City centres are 'no-go areas' - News in brief - Evening Standard
       

City centres are 'no-go areas'

Town and city centres are becoming "no-go areas" after dark, with drunken yobs behaving like "an occupying army loose in the streets", the chairman of an influential House of Commons committee says.

Putting the cost of dealing with street disorder in England and Wales at £3.4 billion a year, Edward Leigh called for "absolutely rigorous" action against a hardcore of offenders who regard anti-social behaviour orders (Asbos) as "part and parcel of their way of life".

His comments come as the House of Commons Public Accounts Committee issued a report warning that a small proportion of families and individuals are causing "misery and despair" to communities, particularly in the most deprived areas.

The report criticised the Home Office for its failure to carry out adequate research on which measures work best in tackling and preventing bad behaviour.

Different measures - such as Asbos, acceptable behaviour contracts and dispersal orders - are used at varying rates in different parts of the country, with no central information about which work best in which circumstances, it found.

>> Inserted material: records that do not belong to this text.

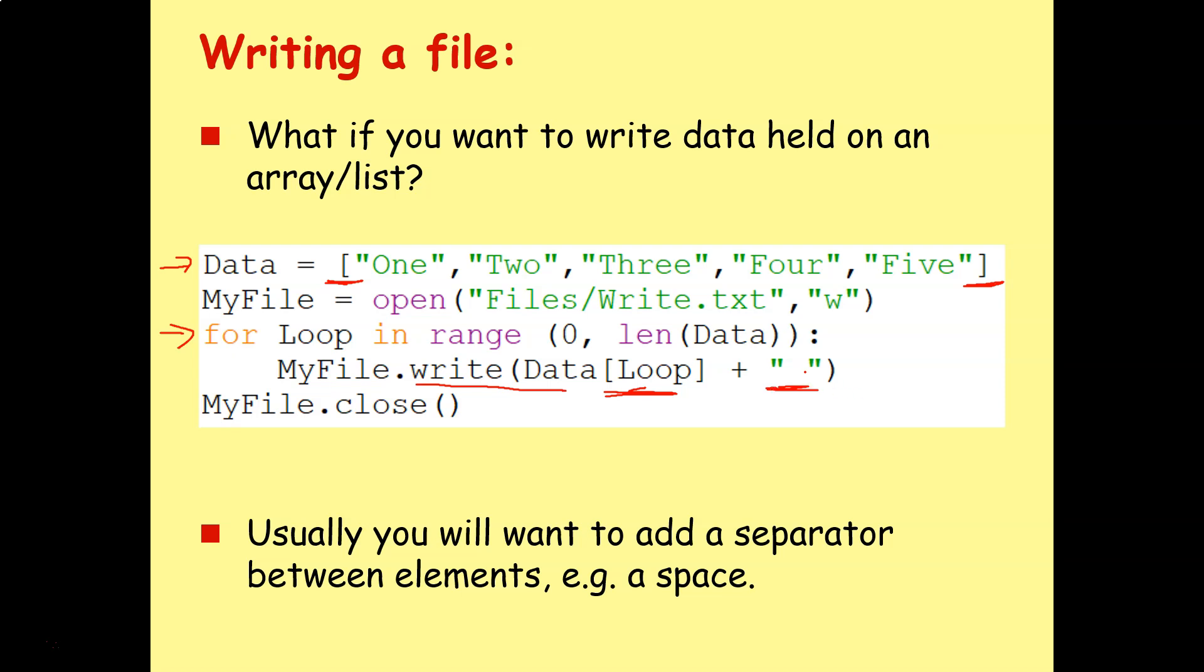So you can add a space, or you can add a comma, or something in between each item of data. And this means when you come to actually read in the data, it's much easier to read it out, there's less characters and things you need to strip out, and it's easier to stick it back into an array later.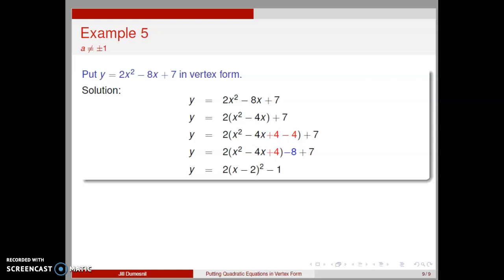Once you have the quadratic equation in vertex form, finding the vertex is easy. However, having the equation in standard form, y equals ax squared plus bx plus c, is advantageous for finding the intercepts. Therefore, we often use whichever form of the equation is most appropriate for the task at hand.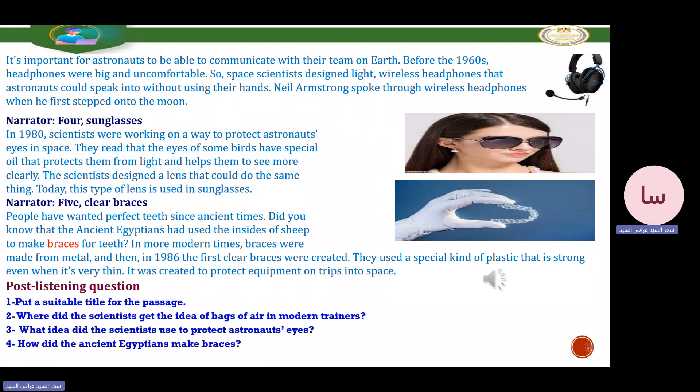People have wanted perfect teeth since ancient times. The ancient Egyptians used the insides of sheep to make braces for teeth. In more modern times, braces were made from metal. Then in 1986, the first clear braces were created, using a special kind of plastic that is strong even when very thin — it was originally created to protect equipment on trips into space. After listening, try to put a suitable title for the passage.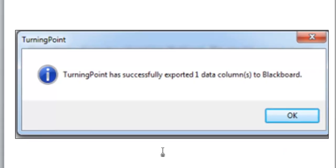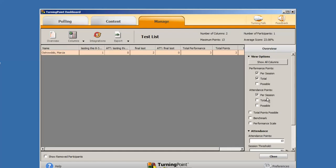A confirmation message appears confirming that the data has been exported into Blackboard. Click on the OK button. Click the Close button to close the Results Manager function.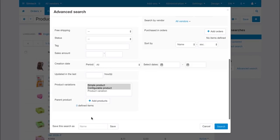But the coolest thing is that you can save the search template and use it to quickly search for products in the future.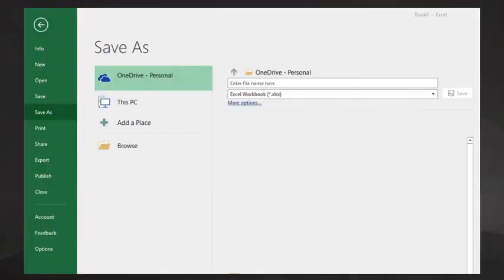The first time you save your sheet, the Save As dialog will appear. After that, Excel will know where to go to save your work.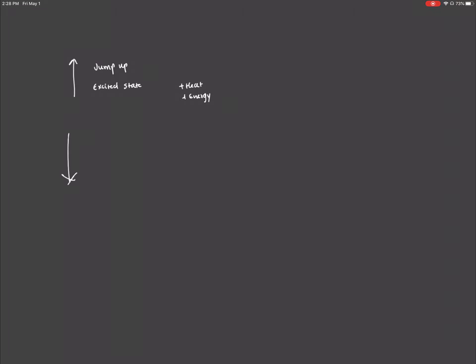When this happens, a photon is emitted. This is the type of arrow used to denote the emission of a photon. Again, if we're going to jump up, we need higher energy. If we're going to jump down, we're going to release energy. In other words, jumping up is endothermic, and jumping down is exothermic.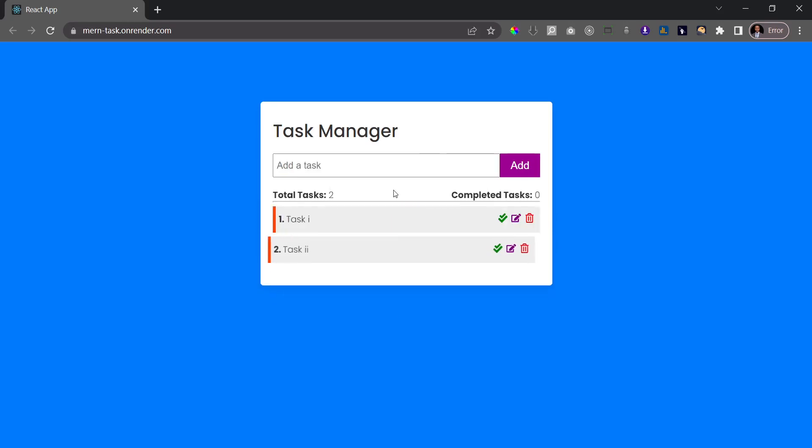And then that's the task added. We can update a task, so for example if I click on this edit icon, I can just come here and say task 1 updated. So let me just make that simple, hit enter.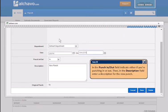In the Punch In-Out field, indicate whether you're punching in or out.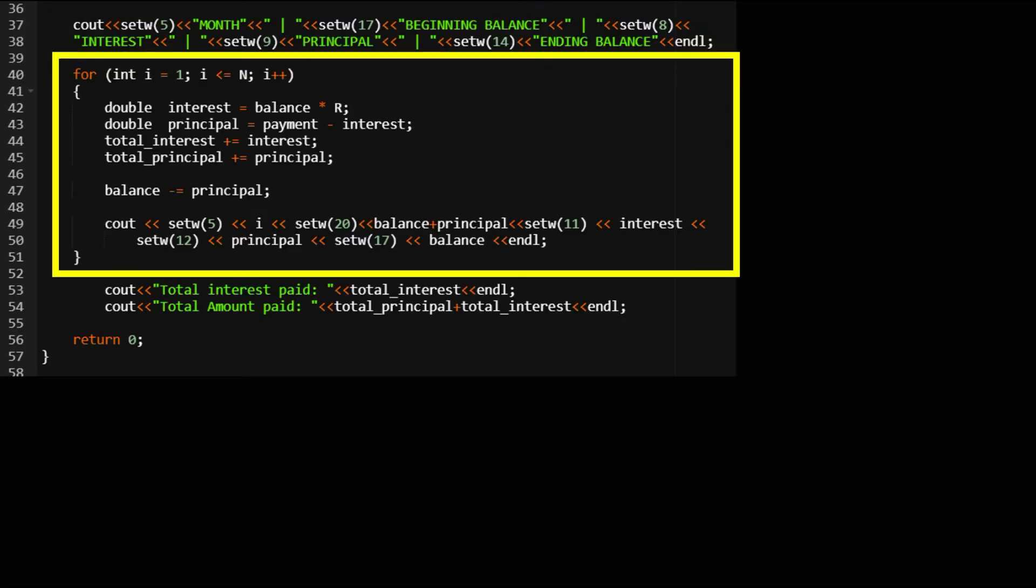And this is the most important part for the mortgage schedule. We are using a for loop to calculate the table. First we have interest equals balance times monthly interest rate, then the principal part in each month will equal payment after deducting the interest.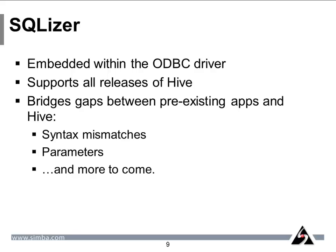The SQLizer, in effect, rewrites standard SQL queries into HiveQL to allow standard apps that know nothing about Hive to run with no modification. We're really excited about this feature and are working actively on it to enable more features for more applications.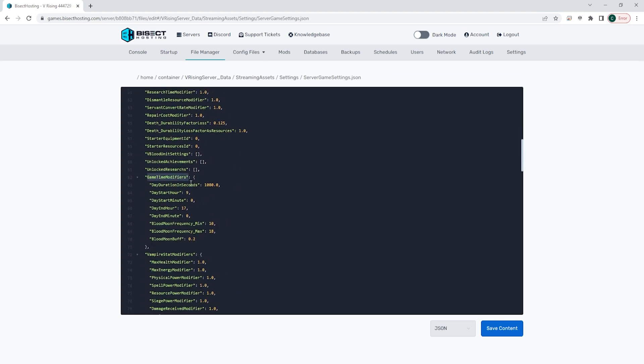Here you will see a list of different options. We can change the day duration in seconds to change how long the day is going to last, and we can change when the day starts and when the day ends by changing the day start hour and minute and the day end hour and day end minute.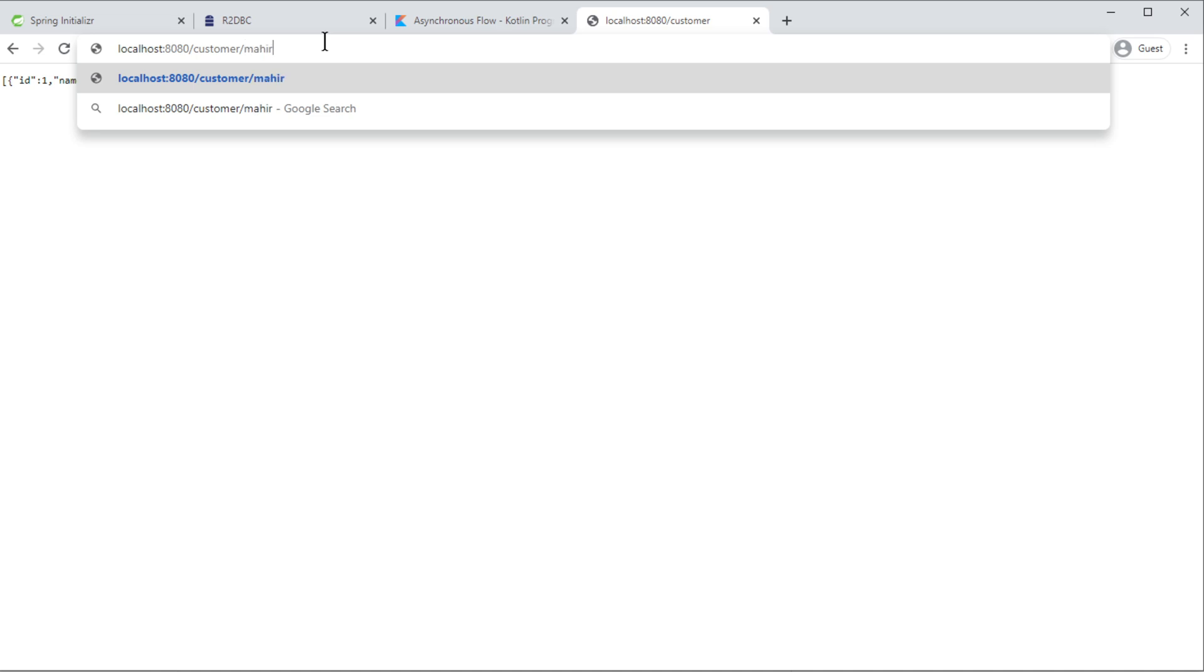So I'm getting all the customer. And if you want to get a selected customer, you can get it as well. You can get another customer as well by name. And if you put wrong name, it will just return null. So that's how we have done it in the code.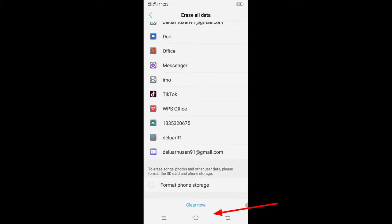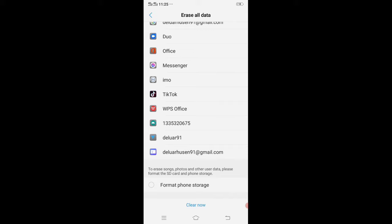When you click on the Clear option, then only your installed apps like WhatsApp, imo, Facebook etc. are deleted. And other data that exists on your phone like audio, photo, video, contact number, email, or phone default apps will not be deleted.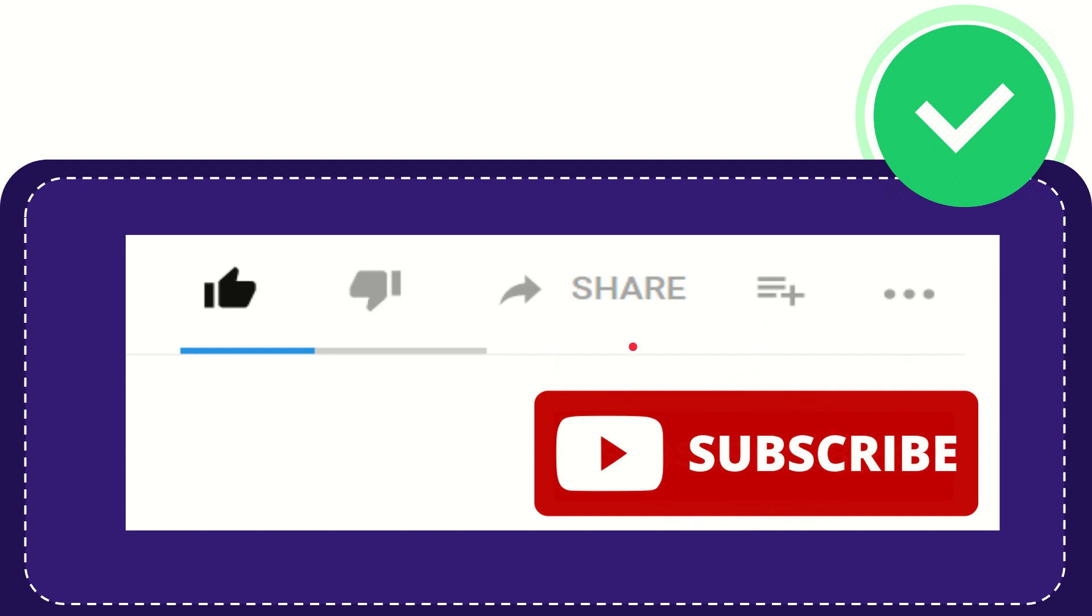Thank you so much for watching this video and see you again in another video. Bye-bye. See you again.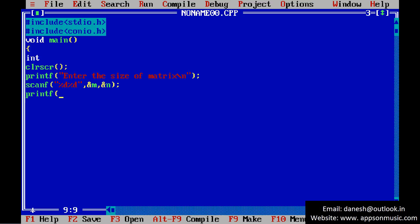Print a message. Enter the matrix values.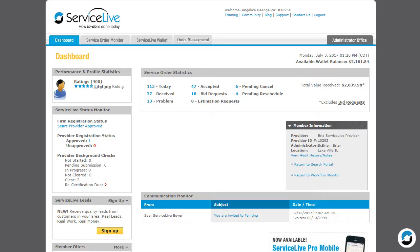This lesson explains how to locate the Summary tab and what information is available on the Summary tab. You can view the Summary tab within a service order. The preferred method of accessing service orders is through order management.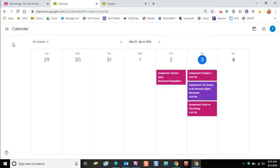Any assignment that your teachers have assigned to you with a due date will show up on your calendar. You'll notice that each class that you're enrolled in will be displayed in a different color.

Meanwhile, some interventions have scarcely been used, such as individual support orders - issued five times in 2003/4 and 30 times in 2004/5.

The report cited a study of 893 cases of official actions to deal with anti-social behaviour, carried out by spending watchdogs the National Audit Office, which found that 65% of people stopped misbehaving after a single intervention - often a simple warning letter.

Some 93% of those studied had given up anti-social behaviour after three brushes with the authorities, but a hardcore continued regardless.

Just 20% of the individuals accounted for more than half of the interventions and, among this group, those with convictions had an average of 50 each. One person had 271 criminal convictions and had breached his Asbo 25 times.

The report said that, 10 years after the introduction of the first anti-social behaviour measures, no national evaluation has been undertaken of their effectiveness. Data which the Home Office did provide to the NAO on public perceptions of anti-social behaviour turned out to be incorrect and had to be revised.